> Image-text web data
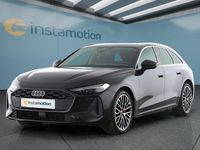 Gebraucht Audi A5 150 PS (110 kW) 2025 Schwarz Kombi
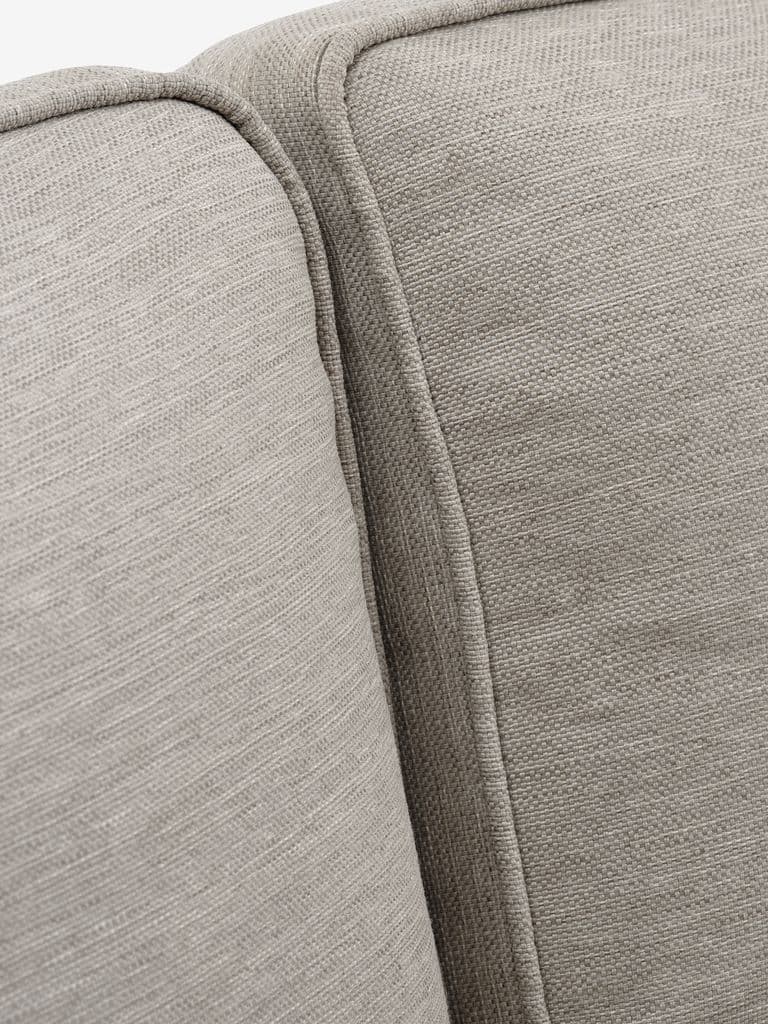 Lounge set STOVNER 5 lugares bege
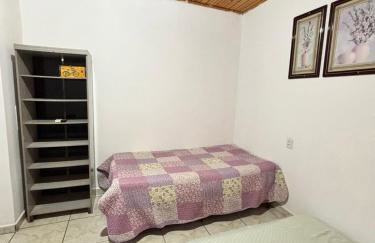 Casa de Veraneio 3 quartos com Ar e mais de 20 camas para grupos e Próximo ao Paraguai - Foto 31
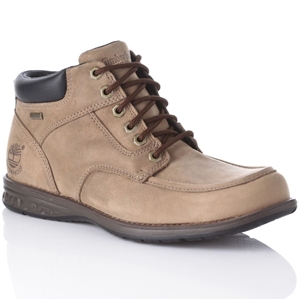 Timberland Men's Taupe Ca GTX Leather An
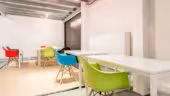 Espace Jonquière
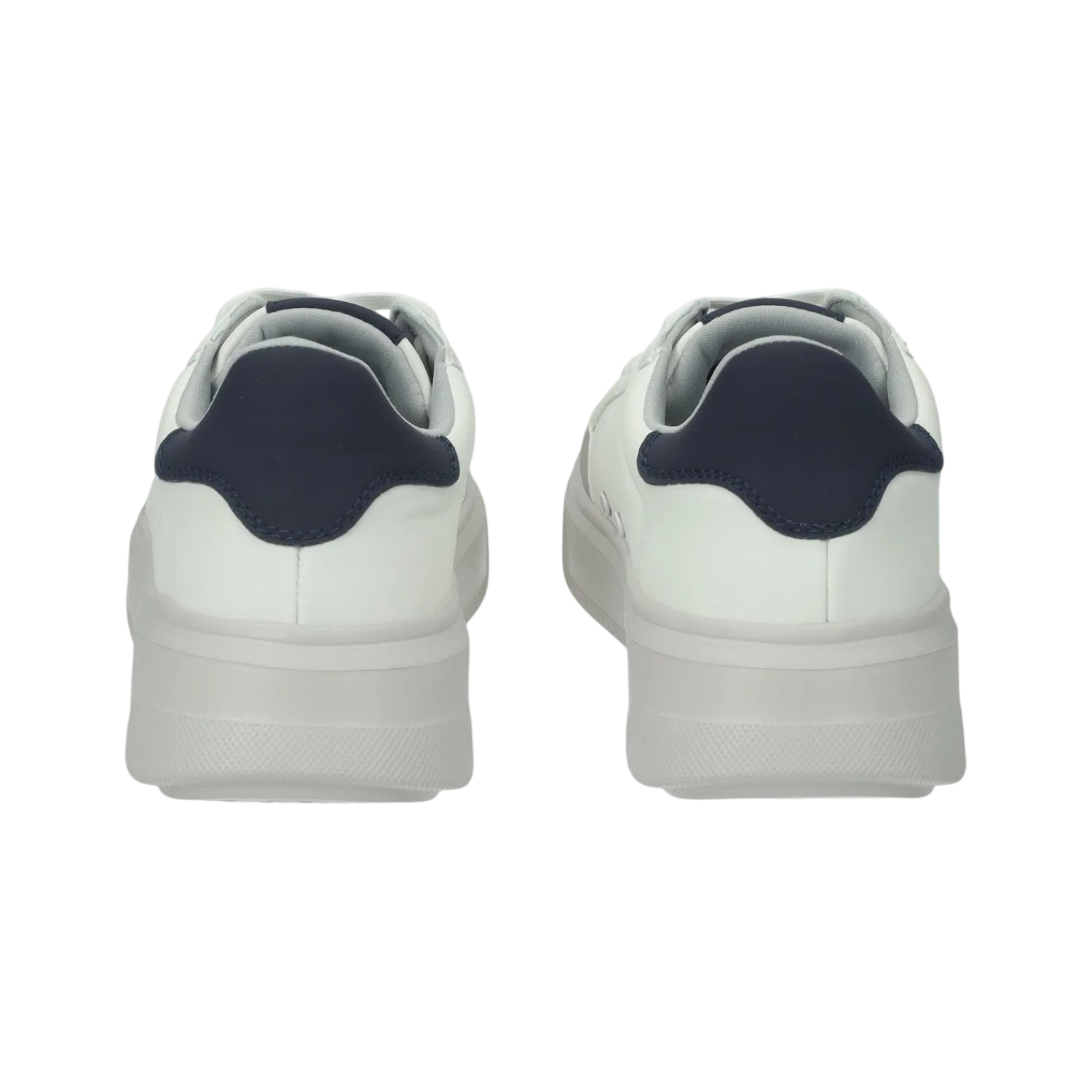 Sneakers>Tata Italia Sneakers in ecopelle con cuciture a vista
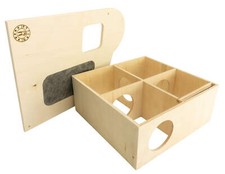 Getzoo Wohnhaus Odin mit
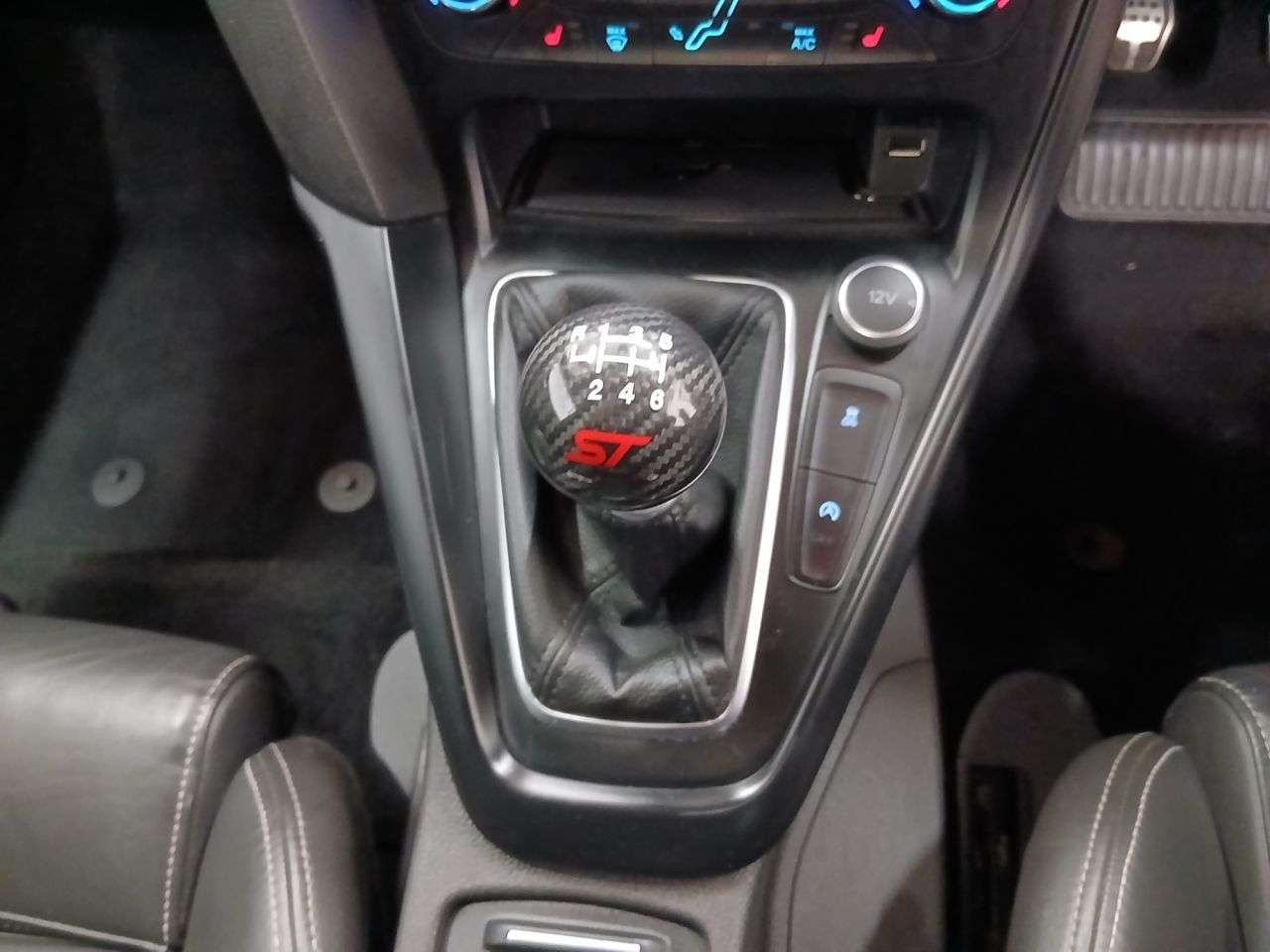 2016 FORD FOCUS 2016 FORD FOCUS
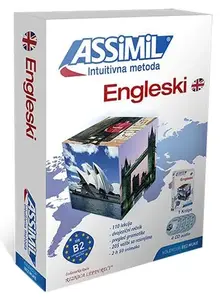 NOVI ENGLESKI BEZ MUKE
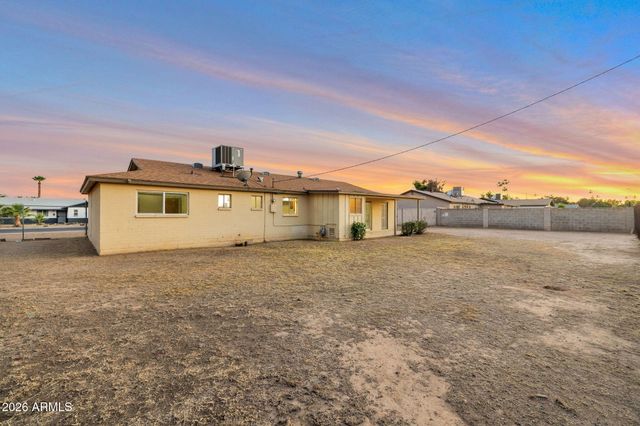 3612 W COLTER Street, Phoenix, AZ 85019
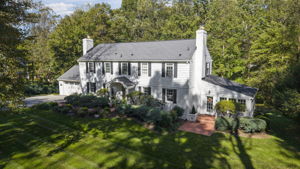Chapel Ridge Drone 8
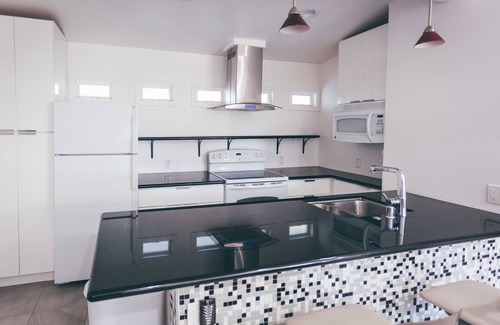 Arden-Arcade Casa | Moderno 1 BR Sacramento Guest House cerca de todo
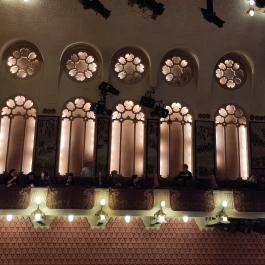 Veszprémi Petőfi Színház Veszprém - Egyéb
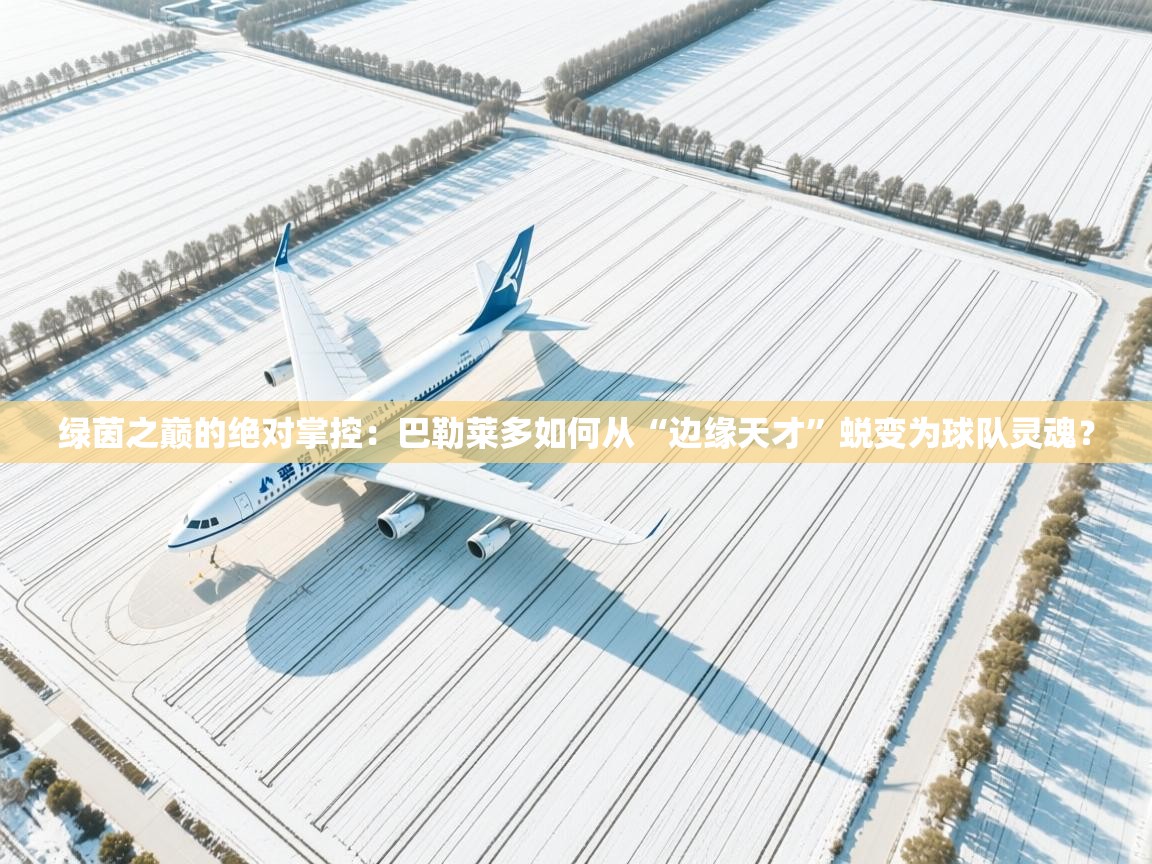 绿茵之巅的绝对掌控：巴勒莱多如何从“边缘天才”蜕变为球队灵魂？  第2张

> Work request
Every entry above should be given again exactly, with no images included.

> Solved exercise
 Gebraucht Audi A5 150 PS (110 kW) 2025 Schwarz Kombi
 Lounge set STOVNER 5 lugares bege
 Casa de Veraneio 3 quartos com Ar e mais de 20 camas para grupos e Próximo ao Paraguai - Foto 31
 Timberland Men's Taupe Ca GTX Leather An
 Espace Jonquière
 Sneakers>Tata Italia Sneakers in ecopelle con cuciture a vista
 Getzoo Wohnhaus Odin mit
 2016 FORD FOCUS 2016 FORD FOCUS
 NOVI ENGLESKI BEZ MUKE
 3612 W COLTER Street, Phoenix, AZ 85019
Chapel Ridge Drone 8
 Arden-Arcade Casa | Moderno 1 BR Sacramento Guest House cerca de todo
 Veszprémi Petőfi Színház Veszprém - Egyéb
 绿茵之巅的绝对掌控：巴勒莱多如何从“边缘天才”蜕变为球队灵魂？  第2张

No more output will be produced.